Data items:
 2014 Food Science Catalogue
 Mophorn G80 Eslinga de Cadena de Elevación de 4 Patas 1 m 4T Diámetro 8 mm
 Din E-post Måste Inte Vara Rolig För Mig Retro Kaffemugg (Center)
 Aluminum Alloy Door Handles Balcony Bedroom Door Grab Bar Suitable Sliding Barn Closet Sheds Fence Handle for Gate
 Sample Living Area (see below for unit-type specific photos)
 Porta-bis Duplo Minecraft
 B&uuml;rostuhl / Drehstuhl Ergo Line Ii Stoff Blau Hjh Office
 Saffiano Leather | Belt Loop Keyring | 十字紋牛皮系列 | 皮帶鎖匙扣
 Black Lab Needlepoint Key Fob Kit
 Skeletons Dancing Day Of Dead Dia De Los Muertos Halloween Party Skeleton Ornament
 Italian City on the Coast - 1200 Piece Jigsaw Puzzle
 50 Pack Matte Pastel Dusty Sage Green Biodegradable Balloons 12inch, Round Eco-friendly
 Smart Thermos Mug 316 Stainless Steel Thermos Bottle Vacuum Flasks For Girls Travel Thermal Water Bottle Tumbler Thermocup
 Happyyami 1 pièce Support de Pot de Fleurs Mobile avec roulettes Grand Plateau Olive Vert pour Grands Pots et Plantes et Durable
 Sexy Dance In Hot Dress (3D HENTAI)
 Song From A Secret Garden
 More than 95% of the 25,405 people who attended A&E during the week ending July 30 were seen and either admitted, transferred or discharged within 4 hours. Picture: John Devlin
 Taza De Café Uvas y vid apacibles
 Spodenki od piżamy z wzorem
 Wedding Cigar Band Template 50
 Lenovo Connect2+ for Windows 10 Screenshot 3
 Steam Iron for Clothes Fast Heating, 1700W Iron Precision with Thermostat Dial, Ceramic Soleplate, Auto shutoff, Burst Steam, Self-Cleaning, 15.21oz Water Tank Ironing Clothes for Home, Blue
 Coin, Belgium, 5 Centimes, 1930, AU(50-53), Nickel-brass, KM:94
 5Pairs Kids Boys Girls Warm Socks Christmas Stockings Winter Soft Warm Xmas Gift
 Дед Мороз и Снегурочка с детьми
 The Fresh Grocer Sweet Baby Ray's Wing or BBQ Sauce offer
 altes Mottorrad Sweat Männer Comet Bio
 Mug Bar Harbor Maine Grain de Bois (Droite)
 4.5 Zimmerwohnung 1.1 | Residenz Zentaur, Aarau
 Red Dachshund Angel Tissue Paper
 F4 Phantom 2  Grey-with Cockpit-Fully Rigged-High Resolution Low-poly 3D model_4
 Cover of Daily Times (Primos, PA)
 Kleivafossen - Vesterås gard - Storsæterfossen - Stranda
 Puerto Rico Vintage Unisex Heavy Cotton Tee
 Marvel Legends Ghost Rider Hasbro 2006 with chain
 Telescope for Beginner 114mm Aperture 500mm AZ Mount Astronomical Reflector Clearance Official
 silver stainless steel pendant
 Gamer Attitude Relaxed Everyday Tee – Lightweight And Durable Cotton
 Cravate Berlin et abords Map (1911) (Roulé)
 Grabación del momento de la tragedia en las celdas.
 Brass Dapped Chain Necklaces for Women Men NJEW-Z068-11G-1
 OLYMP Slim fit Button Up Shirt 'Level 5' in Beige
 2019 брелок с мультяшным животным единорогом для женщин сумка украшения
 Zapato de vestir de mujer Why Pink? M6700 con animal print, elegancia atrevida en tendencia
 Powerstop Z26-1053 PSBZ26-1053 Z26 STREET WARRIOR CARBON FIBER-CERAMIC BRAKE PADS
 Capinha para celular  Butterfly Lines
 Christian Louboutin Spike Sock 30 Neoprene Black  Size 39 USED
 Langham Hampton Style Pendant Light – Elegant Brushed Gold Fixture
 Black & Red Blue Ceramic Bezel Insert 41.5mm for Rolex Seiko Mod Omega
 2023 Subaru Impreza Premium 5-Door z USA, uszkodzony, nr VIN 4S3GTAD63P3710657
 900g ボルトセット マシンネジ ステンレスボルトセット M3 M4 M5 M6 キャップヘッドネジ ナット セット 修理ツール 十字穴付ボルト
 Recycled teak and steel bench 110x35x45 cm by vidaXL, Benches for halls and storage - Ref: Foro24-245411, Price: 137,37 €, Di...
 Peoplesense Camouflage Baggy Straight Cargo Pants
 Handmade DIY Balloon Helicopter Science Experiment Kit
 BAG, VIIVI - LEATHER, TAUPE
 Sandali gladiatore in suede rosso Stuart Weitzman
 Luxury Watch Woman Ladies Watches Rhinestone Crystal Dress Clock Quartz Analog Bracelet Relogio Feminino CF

Work item:
Say, as a bare number, how many lines in the entries above include the string "Door".

Task solution:
2